» **Exercise goal**
The listing is to be printed word for word, pictures omitted.

[[ Material provided open ]]

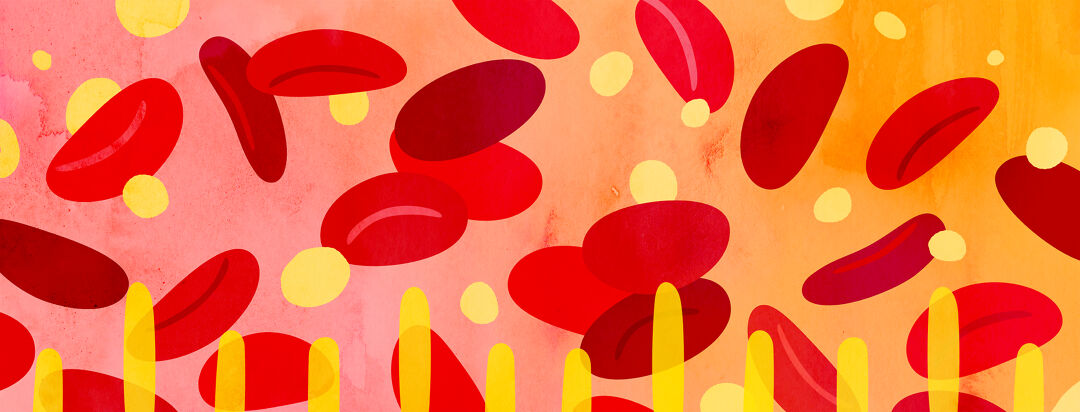 Immune Thrombocytopenia (ITP): What You Need to Know image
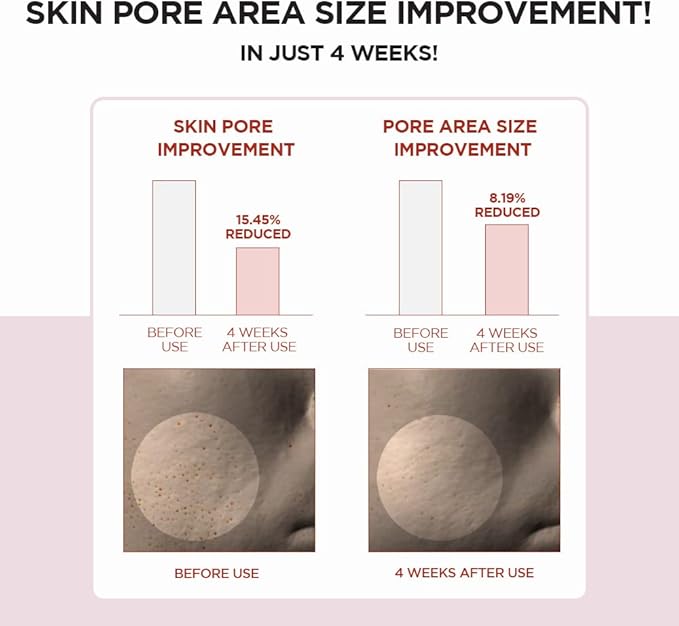Skin1004 – Madagascar Centella Poremizing Clear Toner 210ml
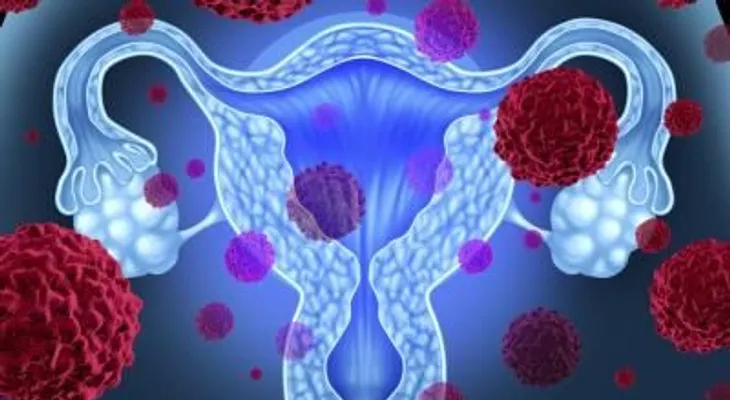 Una menstruación irregular aumenta el riesgo de cáncer de ovario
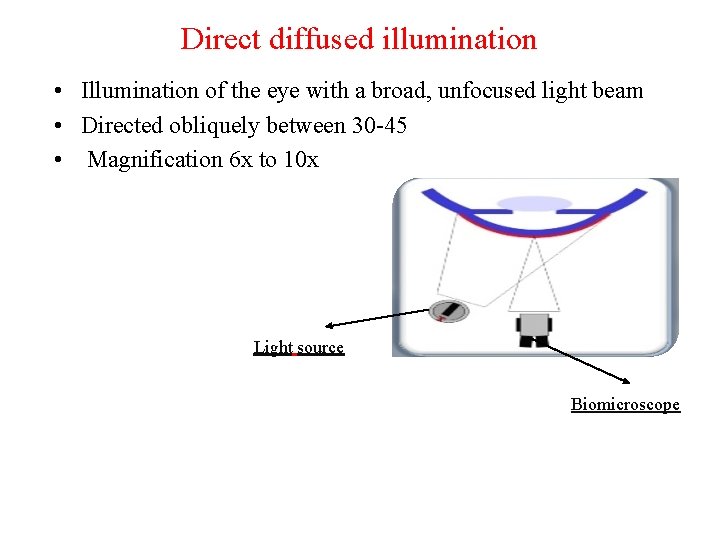 Direct diffused illumination • Illumination of the eye with a broad, unfocused light beam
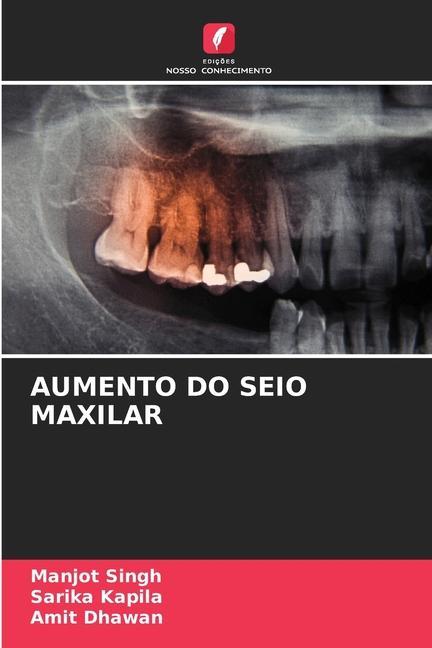 Libro AUMENTO DO SEIO MAXILAR Sarika Kapila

[[ Material provided closed ]]

» **Solution for this task**
 Immune Thrombocytopenia (ITP): What You Need to Know image
Skin1004 – Madagascar Centella Poremizing Clear Toner 210ml
 Una menstruación irregular aumenta el riesgo de cáncer de ovario
 Direct diffused illumination • Illumination of the eye with a broad, unfocused light beam
 Libro AUMENTO DO SEIO MAXILAR Sarika Kapila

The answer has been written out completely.